Evidential machine learning
These days I skim almost every thread on R-devel, which is the email list for discussion about improving base R and its internal functionality. I also occasionally skim selected threads in R-package-devel, which is the email list for discussion about R package development (how to get your package accepted on CRAN).
Since I have studied/lived in France for 4 years, I am usually excited
to read messages from French colleagues on these email lists. In one
thread
I noticed the French name Thierry Denouex, who wrote for help about
his evclust
package. I studied clustering during my PHD, and in my
ICML’11 clusterpath
paper, I proposed
a new algorithm for convex clustering. So I was interested to read
about Thierry’s proposed clustering algorithm.
I followed the link in his email signature to his web page, where I found that he is a member of the HEUDIASYC laboratory. Coincidentally that is also the workplace of Yves Grandvalet, who was one of the people who officially reviewed and approved my PHD. Small world!
About clustering, the goal is to group N observations into K clusters, where each cluster should contain a subset of observations which are similar in some sense. Classical algorithms include hierarchical/agglomerative clustering, K-means, and Gaussian mixture models (Expectation-Maximization). The evclust package vignette begins by reviewing these and other algorithms (fuzzy k-means, sparse k-means, etc).

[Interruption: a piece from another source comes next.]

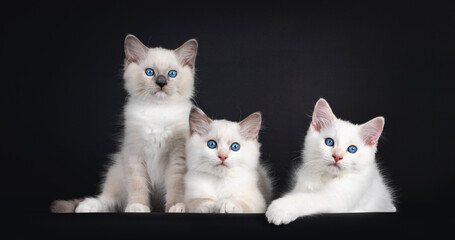 Group of three Ragdoll cat kittens sitting and laying on a row. All looking towards camera with mesmerizing blue eyes. Isolated on black background.
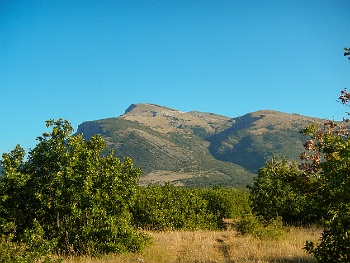 DSCN3164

K-means is an example of a “hard” clustering algorithm, because each observation is assigned to exactly one cluster (an integer value from 1 to K). In contrast, “soft” clustering algorithms like Gaussian mixtures give each observation a vector of K real numbers — one for each cluster, larger values mean that cluster is more likely for this observation. Typically these numbers are constrained to be on the probability simplex (non-negative, sum to one). When the sum to one constraint is removed, we obtain “possibilistic clustering.” When each observation is assigned a set of clusters, we obtain “rough clustering.”
The “evidential clustering” approach uses mass functions and focal sets, and generalizes most of these other methods. It is based on the the Dempster-Shafer theory that assumes a question has one answer among a finite set of possibilities. The mass function takes a subset of possibilities, and returns a value in [0,1]. Each subset with mass function value greater than 0 is called a focal set, and summing over all subsets must yield one. To apply this formalism to clustering, the set of K clusters is used as the finite set of possibilities, and each observation has a corresponding mass function (the N-tuple of mass functions is called a credal/evidential partition). Some special cases are
- When mass functions are Bayesian (focal sets are singletons, meaning only one element in each set) we get a fuzzy/soft partition (vector of real numbers, one for each cluster).
- When mass functions are logical (only one focal set) we get a rough partition (each observation assigned a set of clusters).
- When mass functions are certain (both Bayesian and logical, meaning the only focal set is a singleton containing the cluster ID for that observation) we get a hard partition (like K-means).
- When mass functions are consonant (focal sets are nested, meaning for any two sets, one must be a subset of the other) we get possibilistic clustering algorithms (vector of real numbers with no sum to one constraint).
How interesting! I wonder why this alternative to / generalization of probability is not more commonly discussed in the statistical machine learning literature? Thierry’s Belief Functions and Machine Learning page lists dozens of publications on the subject. He implemented classification algorithms based on Belief functions theory in the evclass package, which can handle “the case where there is an unknown class, not represented in the learning set.”